----- Recorded data
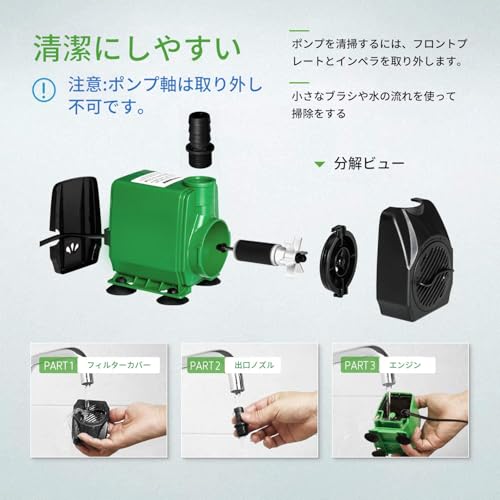 水中ポンプ 45W 吐出量3000L/H 110V 調整可能 最大揚程3M 静音設計 IPX8防水仕様 循環ポンプ 給水・排水ポンプ 水族館給水 水槽水循環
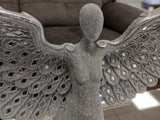 Large Silver Spread Angel Wings Diamante & Mosaic Ornament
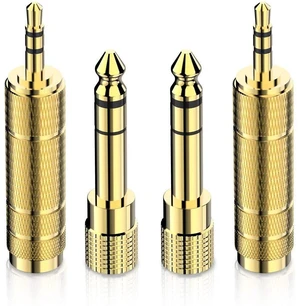 6.35mm Male to 3.5mm Female Audio Adapter and 3.5mm Male to 6.35mm Female Jack Adapter Stereo TRS Headphone Plug Converter with 360° Grip Treads Gold Plated 4-Pack 6.35mm Male to 3.5mm Female Audio Adapter and 3.5mm Male to 6.35mm Female Jack Adapter Stereo TRS Headphone Plug Converter with 360° Grip Treads Gold Plated 4-Pack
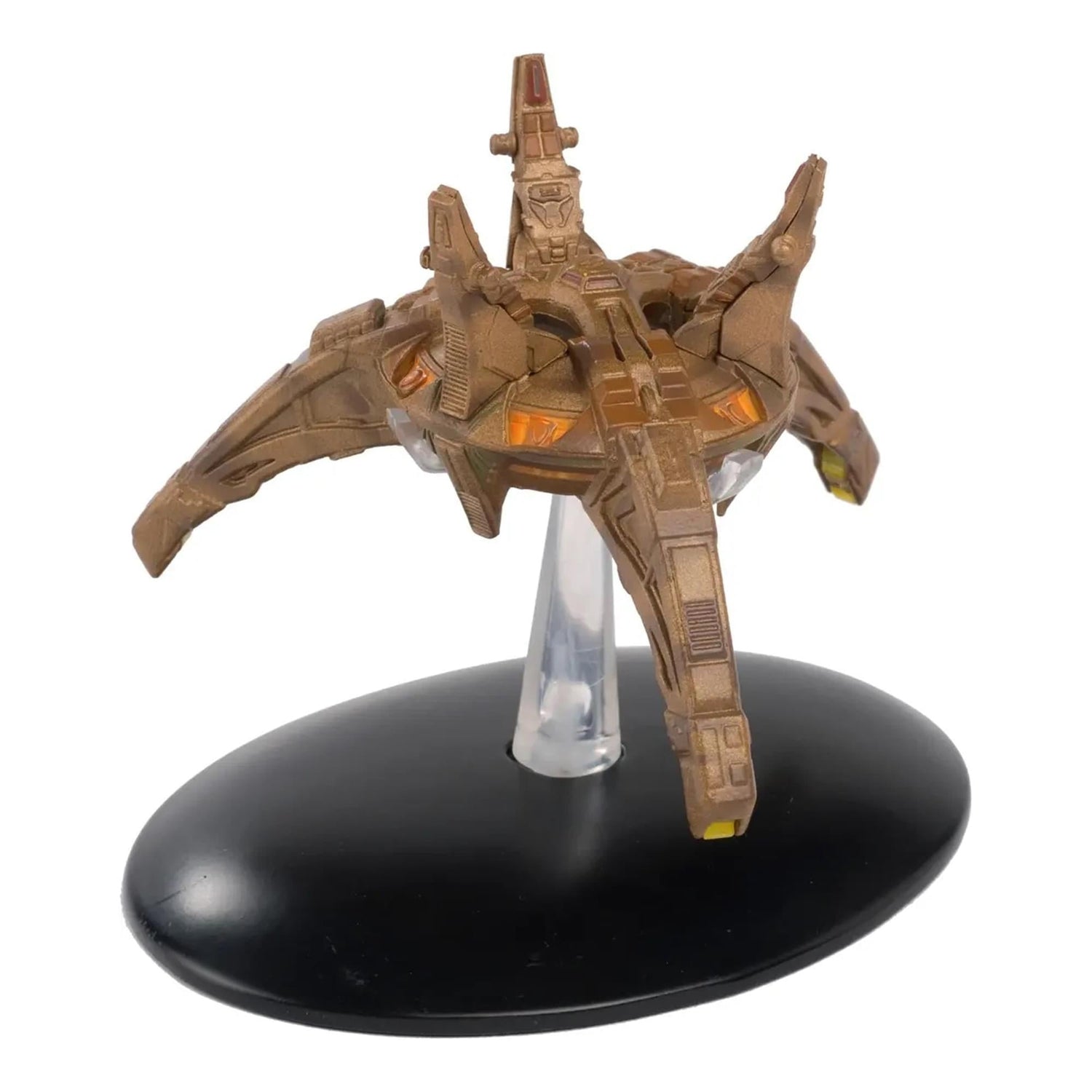 Cardassian weapon platform starship model viewed from the front, showcasing angular armor plating and weapon ports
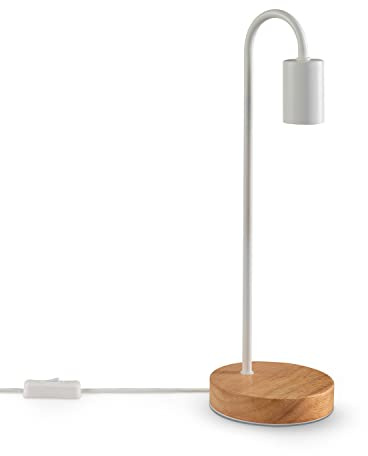 Paco Home Tischlampe Nachttischlampe Schreibtisch E14 Stehlampe Minimalistisch Skandinavisch E27 Büro Holz Fuß, Lampenart:Tischleuchte, Farbe:Weiß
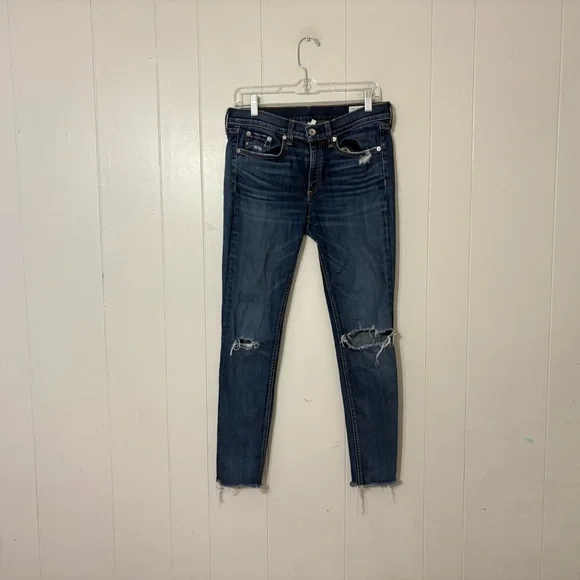 rag & bone Ankle Skinny Jeans 28 Blue Distressed Knee Raw Hem Stretch Denim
----------
* [What to work on]
What must be output is the exact run of lines from the one holding "Cardassian weapon platform" through the end of the entries above, both ends included, minus the pictures.

* [Exercise result]
 Cardassian weapon platform starship model viewed from the front, showcasing angular armor plating and weapon ports
 Paco Home Tischlampe Nachttischlampe Schreibtisch E14 Stehlampe Minimalistisch Skandinavisch E27 Büro Holz Fuß, Lampenart:Tischleuchte, Farbe:Weiß
 rag & bone Ankle Skinny Jeans 28 Blue Distressed Knee Raw Hem Stretch Denim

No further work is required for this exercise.